How to use Vectorization with NumPy arrays to calculate geodesic distance using Geopy library for a large dataset?

Question

I am trying to calculate geodesic distance from a dataframe which consists of four columns of latitude and longitude data with around 3 million rows. I used the apply lambda method to do it but it took 18 minutes to finish the task. Is there a way to use Vectorization with NumPy arrays to speed up the calculation? Thank you for answering.

My code using apply and lambda method:

from geopy import distance

df['geo_dist'] = df.apply(lambda x: distance.distance(
                              (x['start_latitude'], x['start_longitude']),
                              (x['end_latitude'], x['end_longitude'])).miles, axis=1)

Updates:

I am trying this code but it gives me the error: ValueError: The truth value of an array with more than one element is ambiguous. Use a.any() or a.all(). Appreciate if anyone can help.

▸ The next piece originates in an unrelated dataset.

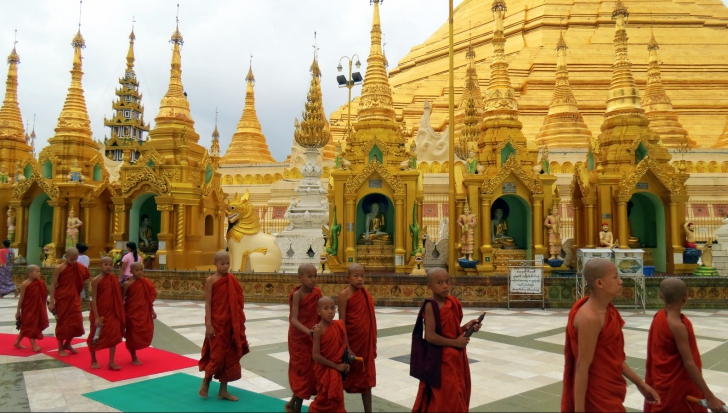 De necrezut ce ascundea un călugăr în templul unde se ruga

df['geo_dist'] = distance.distance(
                          (df['start_latitude'].values, df['start_longitude'].values),
                          (df['end_latitude'].values, df['end_longitude'].values)).miles

Answer 1

I think you might consider using geopandas for this, it's an extension of pandas (and therefore numpy) designed to do these types of calculations very quickly.

Specifically, it has a method for calculating the distance between sets of points in a GeoSeries, which can be a column of a GeoDataFrame. I’m fairly certain that this method leverages numexpr for vectorization.

It should look something like this, where you convert your data frame to a GeoDataFrame with (at least) two GeoSeries columns that you can use for the origin and point destinations. This should return a GeoSeries object:

import pandas as pd
import geopandas as gpd
from shapely.geometry import Point

geometry = [Point(xy) for xy in zip(df.longitude, df.latitude)]
gdf = gpd.GeoDataFrame(df, crs={'init': 'epsg:4326'}, geometry=geometry)

distances = gdf.geometry.distance(gdf.destination_geometry)

Answer 2

The answer to your question: You cannot do what you want to do with geopy. I am not familiar with this package but the error traceback shows that this function and possibly all other functions in this package were not written/designed with vectorized computations in mind.

Now, if you can do with great-circle distances, then I would suggest that you experiment with astropy.coordinates package that my be able to compute separations between points in a vectorial way.

Here is an example based on my answer to a different question: Finding closest point:

from astropy.units import Quantity
from astropy.coordinates import SkyCoord, EarthLocation
from astropy.constants import R_earth
import numpy as np

lon1 = Quantity([-71.312796, -87.645307, -87.640426, -87.635513,
                 -87.630629, -87.625793 ], unit='deg')
lat1 = Quantity([41.49008, 41.894577, 41.894647, 41.894713,
                 41.894768, 41.894830], unit='deg')
lon2 = Quantity([-81.695391, -87.645307 + 0.5, -87.640426, -87.635513 - 0.5,
                 -87.630629 + 1.0, -87.625793 - 1.0], unit='deg')
lat2 = Quantity([41.499498, 41.894577 - 0.5, 41.894647, 41.894713 - 0.5,
                 41.894768 - 1.0, 41.894830 + 1.0], unit='deg')

pts1 = SkyCoord(EarthLocation.from_geodetic(lon1, lat1, height=R_earth).itrs, frame='itrs')
pts2 = SkyCoord(EarthLocation.from_geodetic(lon2, lat2, height=R_earth).itrs, frame='itrs')

Then, distances between the two sets of points can be computed as:

>>> dist = pts2.separation(pts1)
>>> print(dist)
<Angle [ 7.78350849, 0.62435354, 0., 0.62435308, 1.25039805, 1.24353876] deg>

Approximate conversion to distance:

>>> np.deg2rad(pts2.separation(pts1)) * R_earth / u.rad
<Quantity [ 866451.17527216,  69502.31527953,      0.        ,
             69502.26348614, 139192.86680148, 138429.29874024] m>

Compare the first value with what you would get from the geopy's example:

>>> distance.distance((41.49008, -71.312796), (41.499498, -81.695391)).meters
866455.4329098687

EDIT: Actually, quite possibly this may actually give you the geodesic distance that you are after but make sure to check the description of EarthLocation.